• **Task prompt**:
Write out exactly, please, the lines from the one containing "ZiwiPeak 'Daily-Cat' Cuisine" to the end of the material.

• **Dataset**:
===============

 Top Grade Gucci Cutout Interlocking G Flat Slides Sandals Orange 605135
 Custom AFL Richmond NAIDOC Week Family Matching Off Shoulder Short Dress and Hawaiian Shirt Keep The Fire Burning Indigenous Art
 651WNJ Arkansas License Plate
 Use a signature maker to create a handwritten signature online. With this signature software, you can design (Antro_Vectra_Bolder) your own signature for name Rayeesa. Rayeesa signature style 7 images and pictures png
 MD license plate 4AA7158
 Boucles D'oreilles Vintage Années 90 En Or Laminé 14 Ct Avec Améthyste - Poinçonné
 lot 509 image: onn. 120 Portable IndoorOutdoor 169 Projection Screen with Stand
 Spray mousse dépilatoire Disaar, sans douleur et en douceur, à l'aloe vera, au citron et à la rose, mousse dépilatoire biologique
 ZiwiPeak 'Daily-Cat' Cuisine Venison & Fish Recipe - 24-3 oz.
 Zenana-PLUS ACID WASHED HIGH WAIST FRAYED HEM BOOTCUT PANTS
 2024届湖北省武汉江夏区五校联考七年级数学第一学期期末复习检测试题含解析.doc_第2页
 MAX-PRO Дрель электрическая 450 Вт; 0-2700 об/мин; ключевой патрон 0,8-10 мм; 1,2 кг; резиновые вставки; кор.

===============

• **Task output**:
 ZiwiPeak 'Daily-Cat' Cuisine Venison & Fish Recipe - 24-3 oz.
 Zenana-PLUS ACID WASHED HIGH WAIST FRAYED HEM BOOTCUT PANTS
 2024届湖北省武汉江夏区五校联考七年级数学第一学期期末复习检测试题含解析.doc_第2页
 MAX-PRO Дрель электрическая 450 Вт; 0-2700 об/мин; ключевой патрон 0,8-10 мм; 1,2 кг; резиновые вставки; кор.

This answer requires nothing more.